Previous khipu scholars have made use of markedness theory, identifying instances of other marked/unmarked binary signs within Inka-style khipus (e.g., Urton 2003; Hyland 2014; Clindaniel 2019). Jon Clindaniel (2019: 34) notes that postconquest Inka-style khipus made use of “S- and Z-knots, S- and Z-plied cords, Recto and Verso cord attachments, as well as color seriation and color banding in binary opposition to one another as unmarked/marked pairs.” Yet, of the four binary signs highlighted by Clindaniel, scholars have only successfully disentangled examples of hierarchical relationships for three (see Hyland, Ware, and Clark 2014; Hyland 2014; Clindaniel 2019; Hyland 2016), leaving recto and verso pendant cord attachments without an instance of hierarchical decipherment. As Clindaniel (2019: 15) points out, by using the moiety alignment derived by Medrano and Urton (2018), “it is not known which attachment type would have been considered marked and which unmarked on the basis of these proposed groupings alone.” Yet herein lies the potential of the newly proposed moiety alignment, for one can theorize which attachment orientation (recto/verso) was considered marked—and which was considered unmarked——for the people of 1670 San Pedro de Corongo.

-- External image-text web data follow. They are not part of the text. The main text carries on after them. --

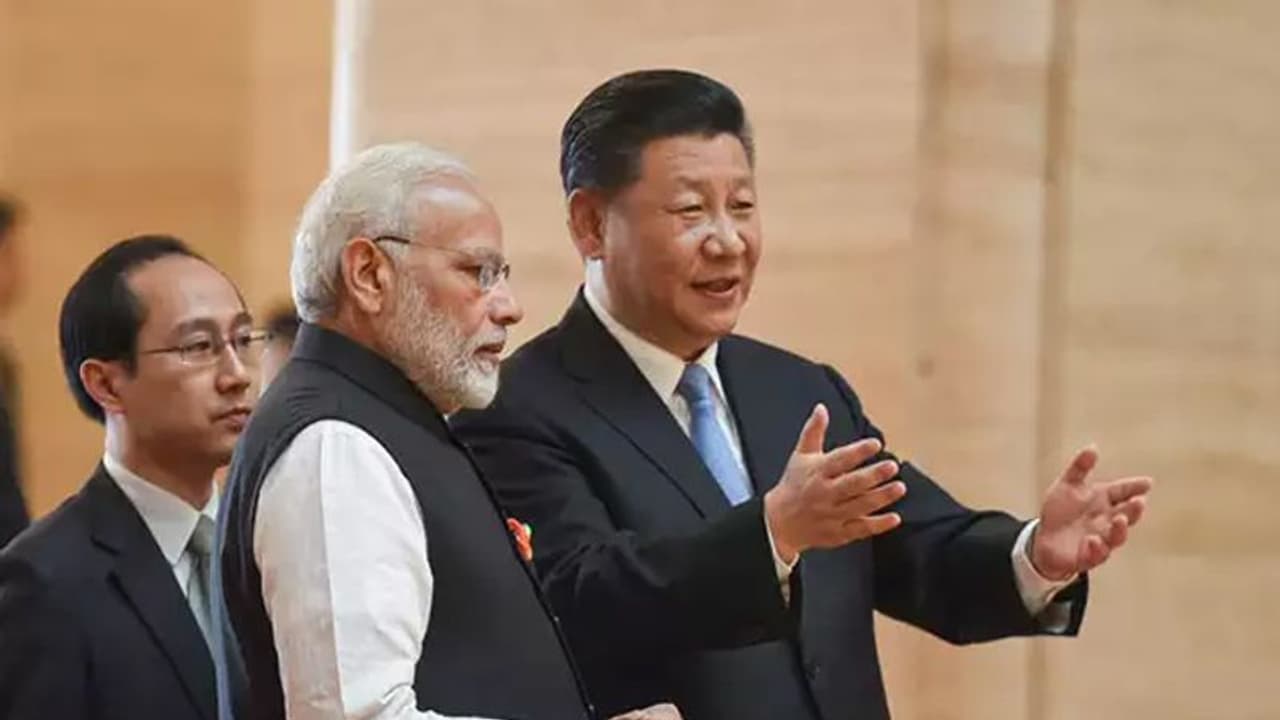 ऐप बैन के बाद चीन की अकल आई ठिकाने; कहा, भारत को खतरा नहीं मानते, हमारे रिश्ते 1000 साल पुराने ऐप बैन के बाद चीन की अकल आई ठिकाने; कहा, भारत को खतरा नहीं मानते, हमारे रिश्ते 1000 साल पुराने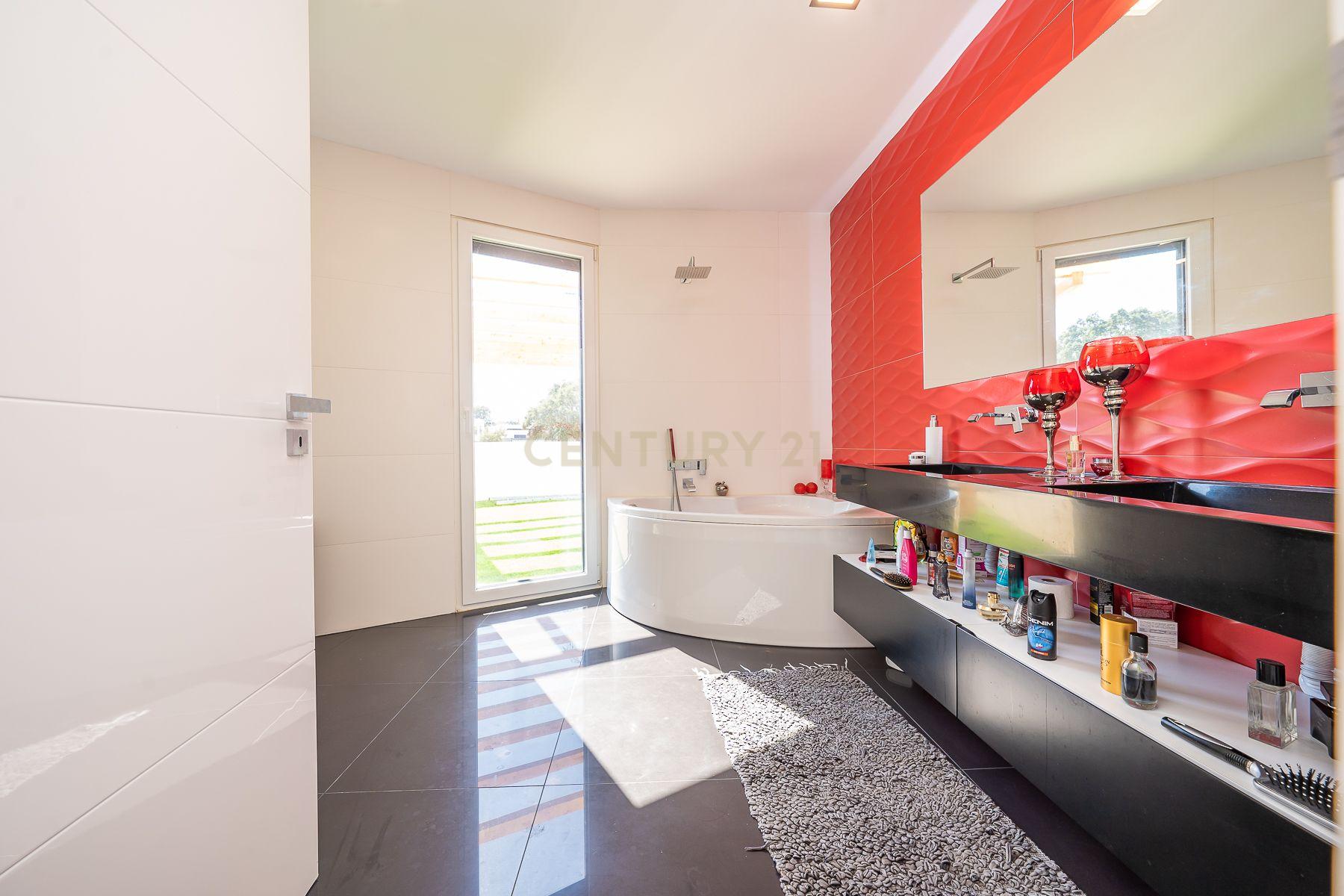 Extraordinária Moradia de Luxo T6 + 1 com Piscina e Jacuzzi , Quinta da Serralheira, Setúbal - Image 27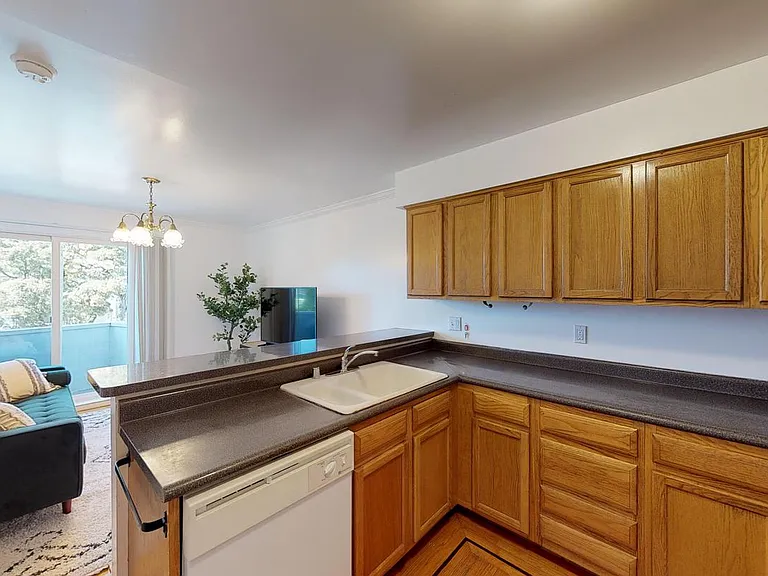 540 42nd Ave — Photo 3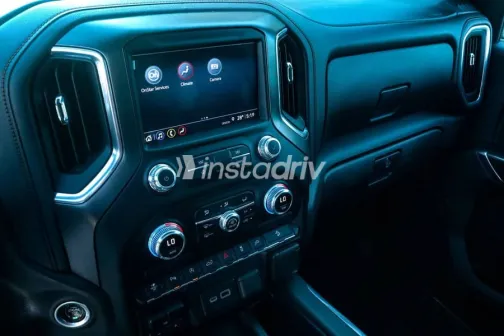 Gmc Sierra 2022 White Automatic Used for Sale in Madinaty - 10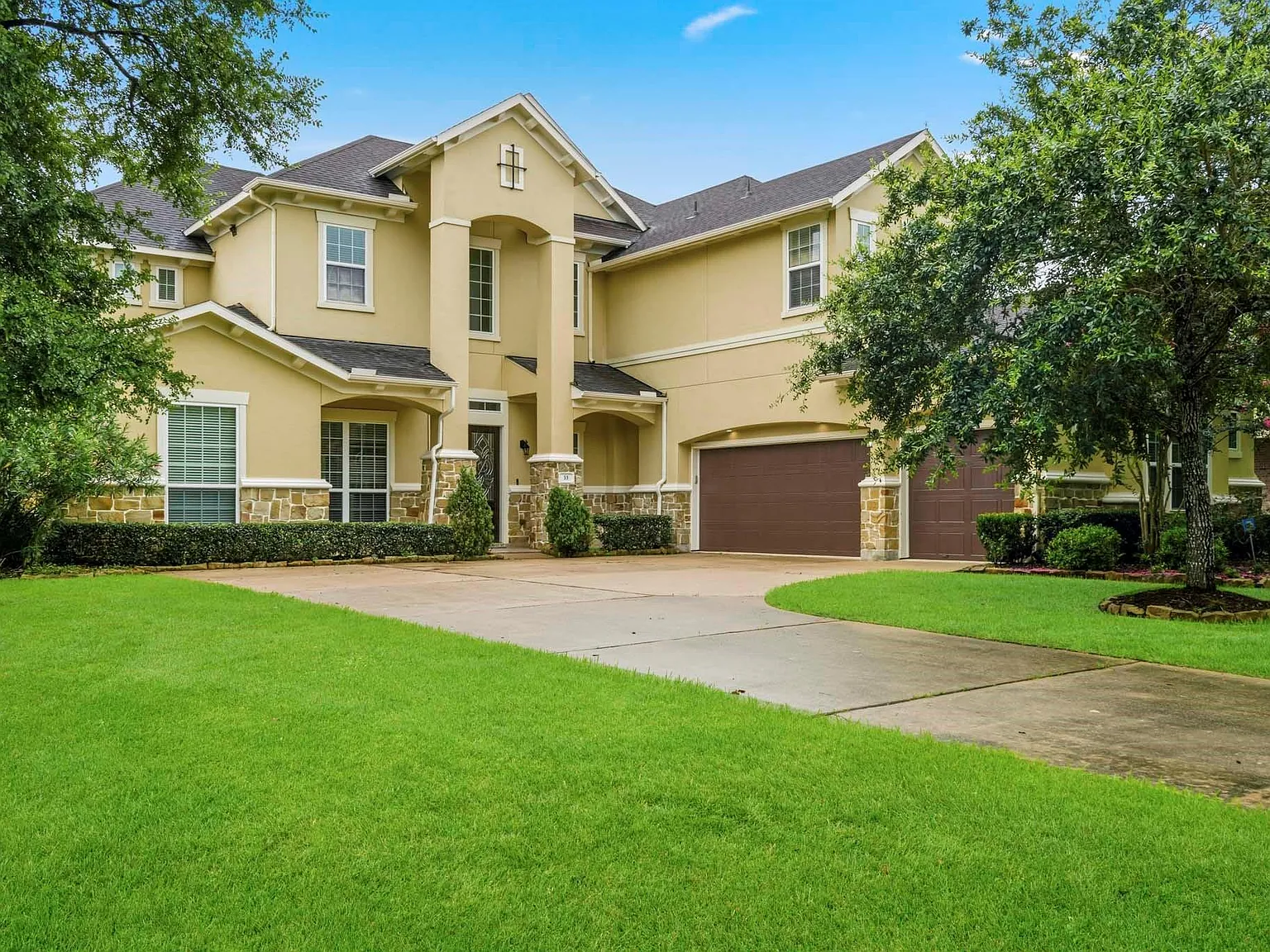 5 bed, 4.5 bath, 4860 sqft, $5,780 — Photo 1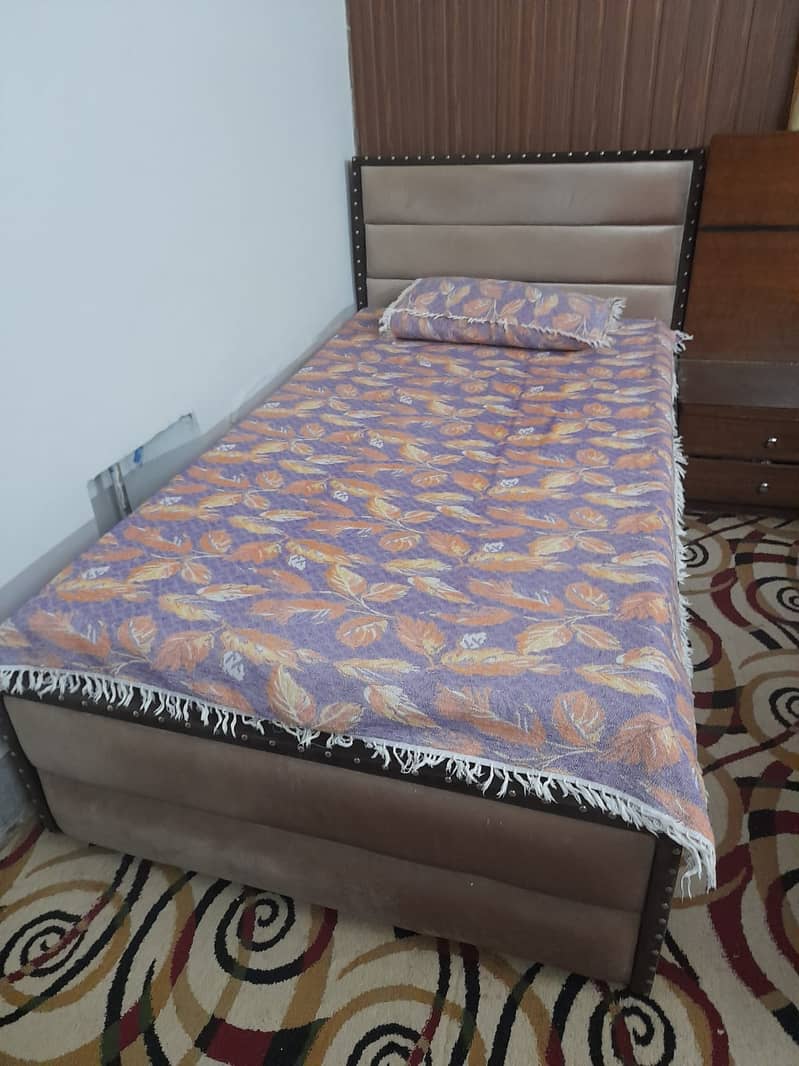 Single bed 0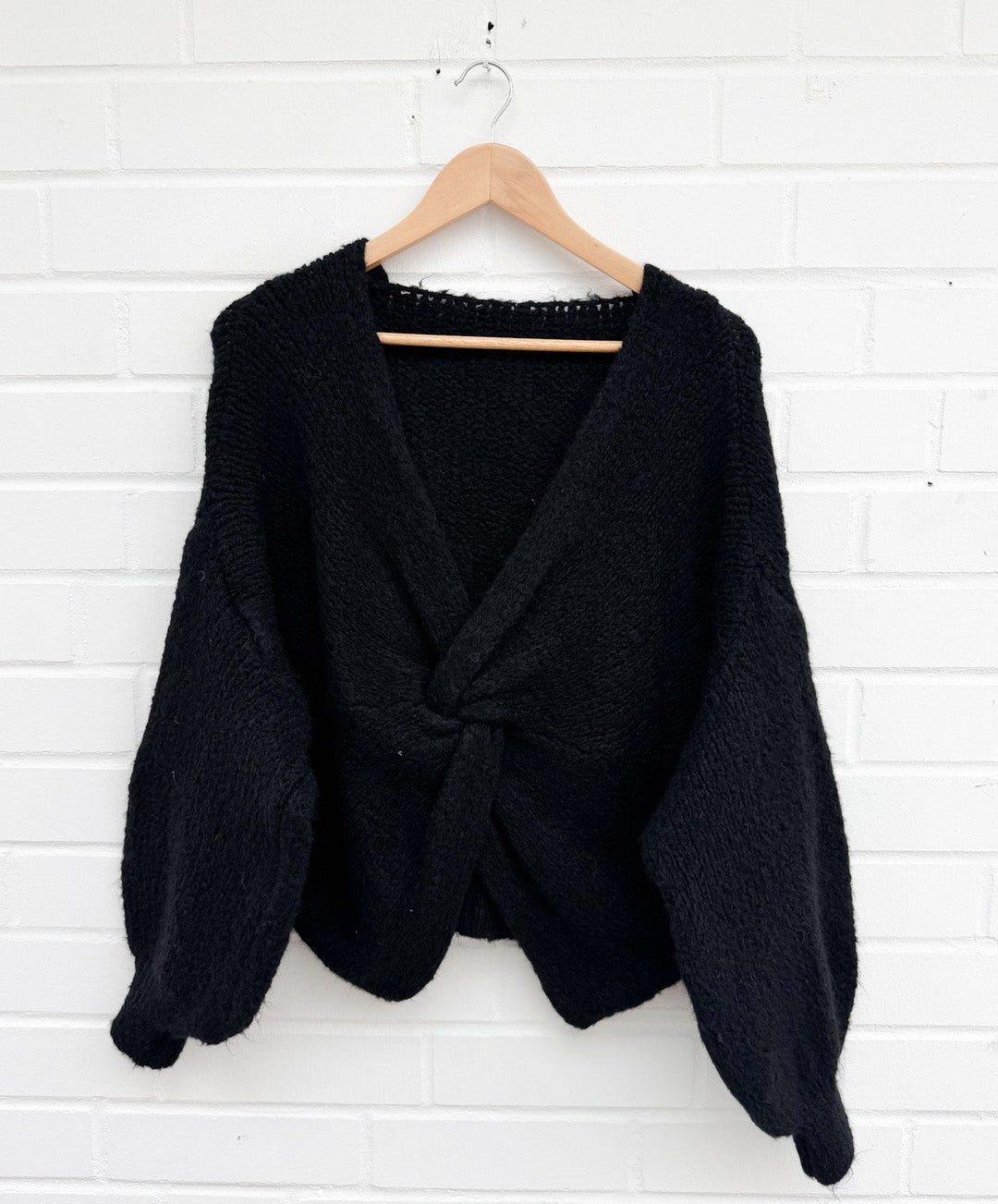 UNI KNOTEN STRICKPULLOVER - schwarz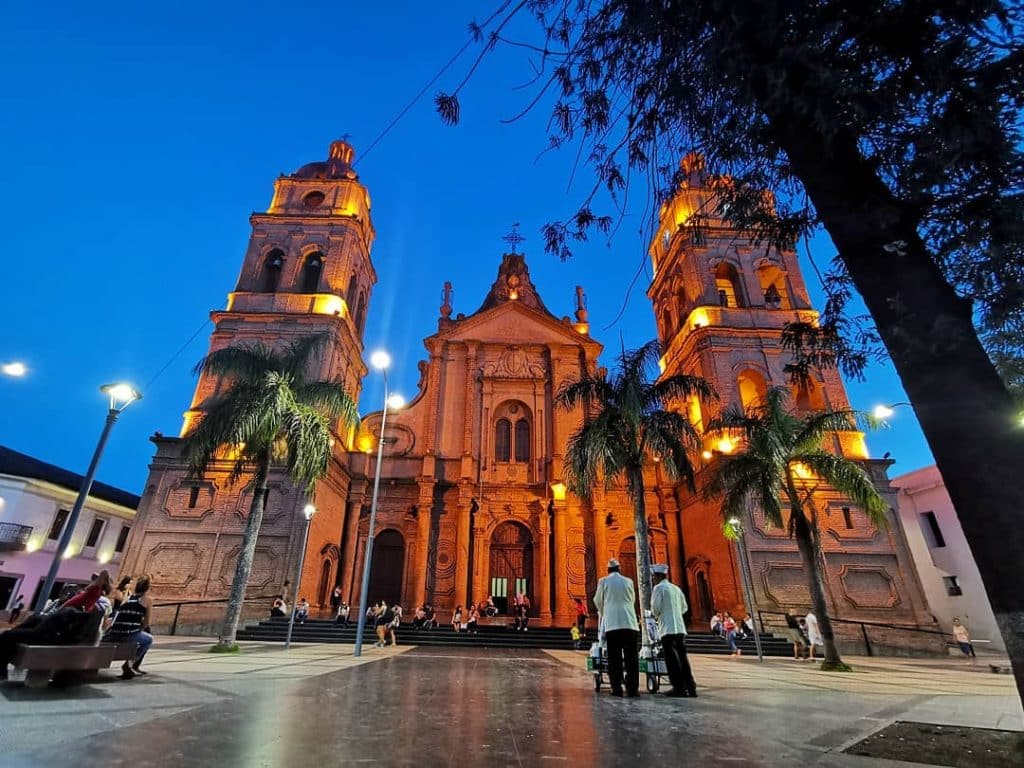 manitoba travel santa cruz bolivia
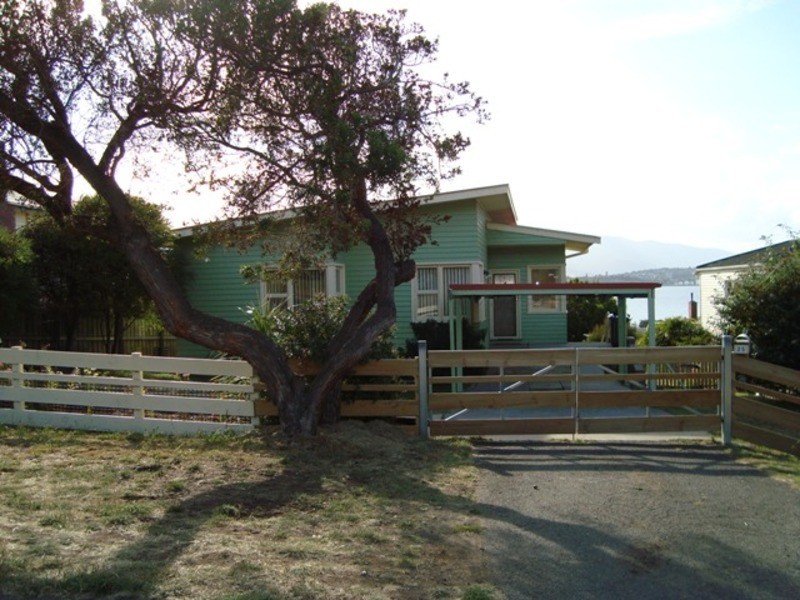 25 Topham Street, Rose Bay TAS 7015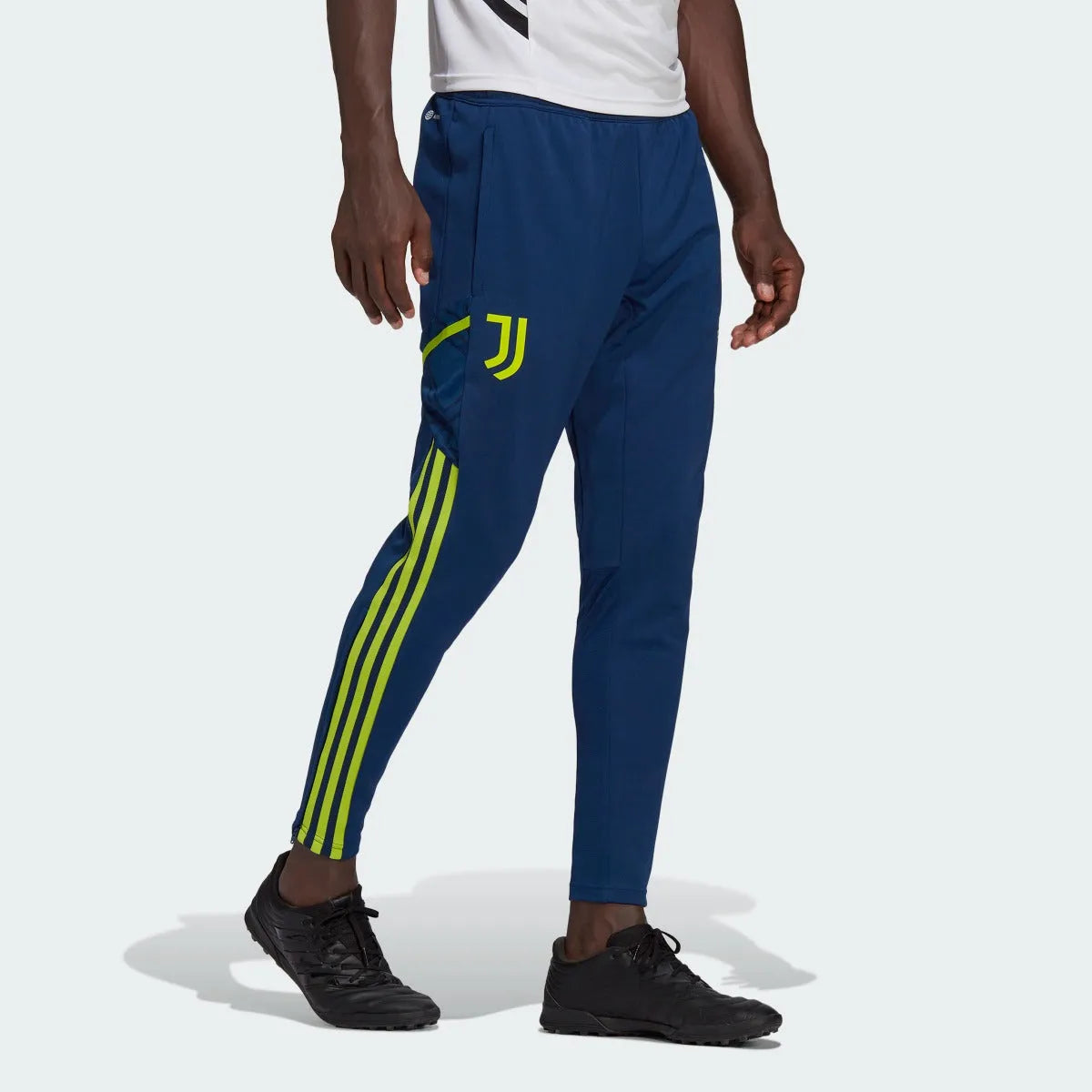 adidas 2022-23 Juventus Training Pants - Navy (Model - Front)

To propose a hierarchical decipherment for the two pendant cord attachment orientations, it is important to highlight two major facets of unmarked/marked pairings: completion and asymmetry. Completion, for example, can be seen when discussing finger positions among certain Quechua-speaking groups. Each finger is paired with another so that “the odd number fingers ‘one’ and ‘three’ are accompanied, or made complete by the following even numbered fingers ‘two’ and ‘four’ (the little finger is termed ‘youngest finger’)” (Urton and Llanos 1997: 61–63). Within each finger pair, it is sometimes only the odd-numbered fingers (i.e., thumb, middle, and little fingers) that are named directly, with the even fingers (i.e., index and ring fingers) simply being labeled as “following, or accompanying finger” (75). In this way, the odd-numbered fingers are unmarked (primary) while the even number fingers are marked (secondary), being defined by their relationship with the odd finger to which they are paired. The odd/even pairing of the pachacas on the padrón may communicate a similar notion of completion. Much like an odd-numbered finger is “made complete” by the following even numbered finger, perhaps so too is each “verso” pachaca “made complete” by its following “recto” pachaca.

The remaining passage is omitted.